**YOUR INSTRUCTIONS**
Using the entries that follow, transcribe only the lines from the line with "9月誕生石サファイア K10 未使用に近い" to the line with "Váy đầm sơ mi", both included, exactly as they stand and without pictures.
START WORKING DATA
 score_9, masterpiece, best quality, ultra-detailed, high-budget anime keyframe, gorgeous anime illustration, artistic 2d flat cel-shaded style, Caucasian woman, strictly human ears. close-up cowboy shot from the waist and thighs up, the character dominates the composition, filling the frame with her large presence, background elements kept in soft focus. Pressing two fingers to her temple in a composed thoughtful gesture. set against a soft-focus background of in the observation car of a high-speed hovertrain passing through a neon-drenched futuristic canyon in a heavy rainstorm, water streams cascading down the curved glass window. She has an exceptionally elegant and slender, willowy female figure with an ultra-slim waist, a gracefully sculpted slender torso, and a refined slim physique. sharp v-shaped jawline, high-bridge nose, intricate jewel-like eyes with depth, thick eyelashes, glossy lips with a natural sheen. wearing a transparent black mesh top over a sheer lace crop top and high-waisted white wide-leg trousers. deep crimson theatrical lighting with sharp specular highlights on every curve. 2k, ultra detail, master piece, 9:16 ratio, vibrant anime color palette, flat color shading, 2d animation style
END WORKING DATA
START WORKING DATA
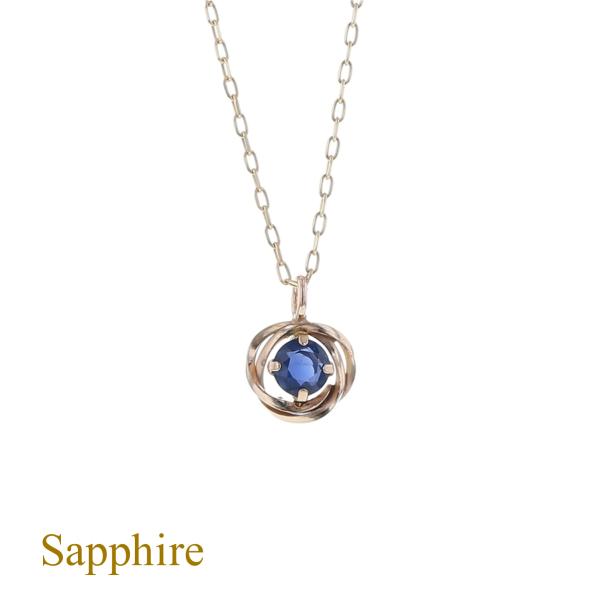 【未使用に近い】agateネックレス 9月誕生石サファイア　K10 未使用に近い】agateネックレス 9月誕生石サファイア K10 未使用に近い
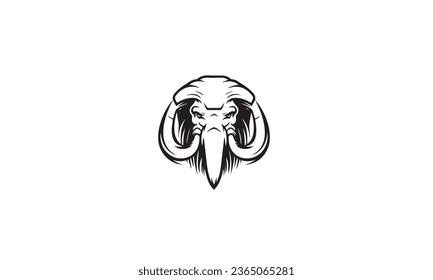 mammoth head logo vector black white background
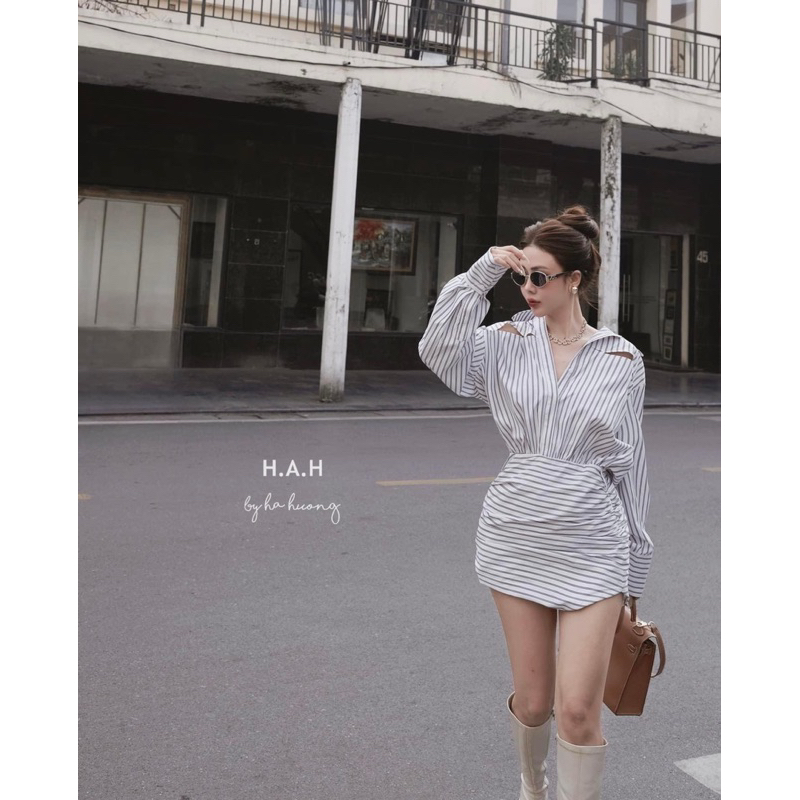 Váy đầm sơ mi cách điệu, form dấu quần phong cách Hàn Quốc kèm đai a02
END WORKING DATA
START WORKING DATA
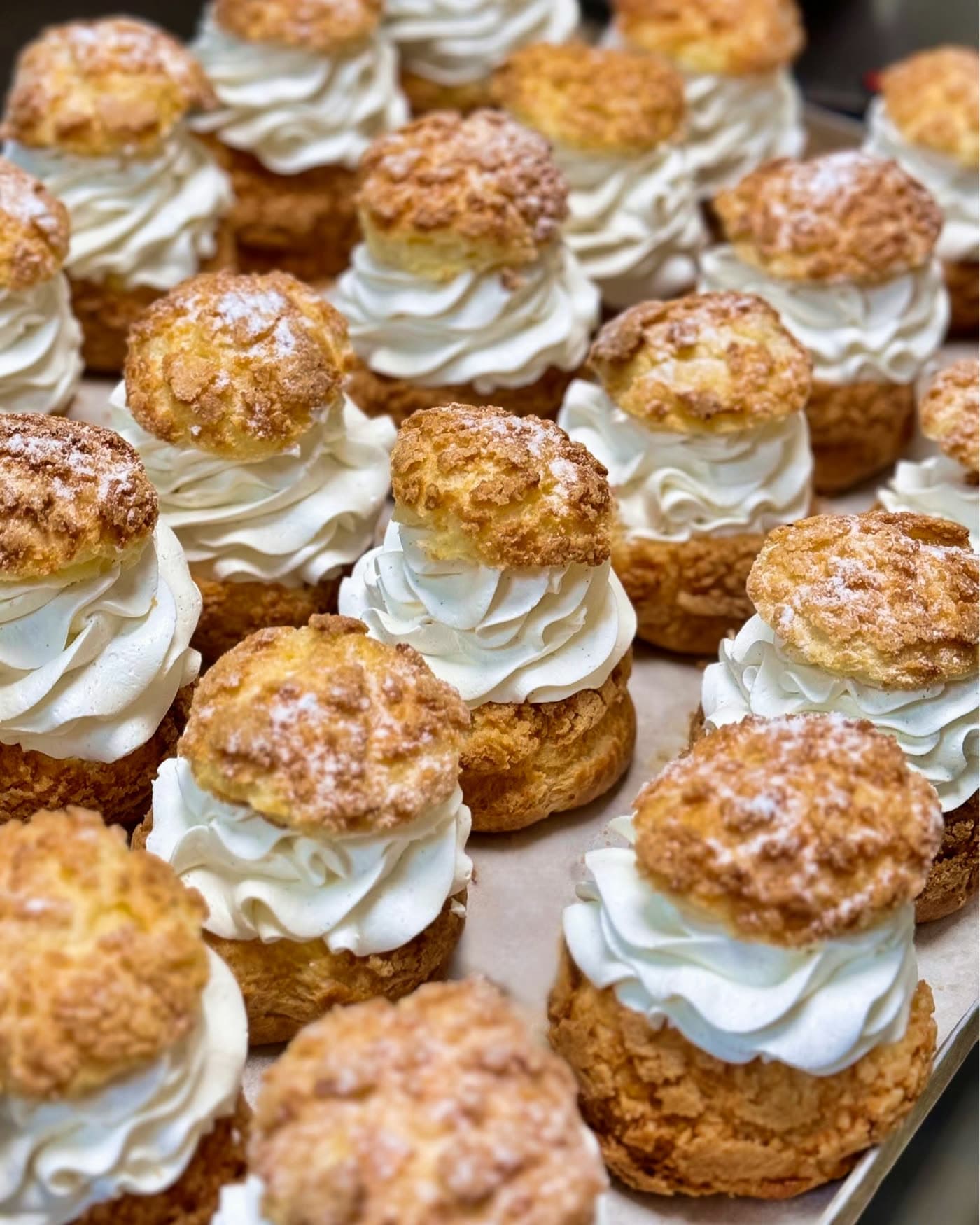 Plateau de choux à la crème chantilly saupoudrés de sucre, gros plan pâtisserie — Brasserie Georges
END WORKING DATA
**OUTPUT BELOW**
 【未使用に近い】agateネックレス 9月誕生石サファイア　K10 未使用に近い】agateネックレス 9月誕生石サファイア K10 未使用に近い
 mammoth head logo vector black white background
 Váy đầm sơ mi cách điệu, form dấu quần phong cách Hàn Quốc kèm đai a02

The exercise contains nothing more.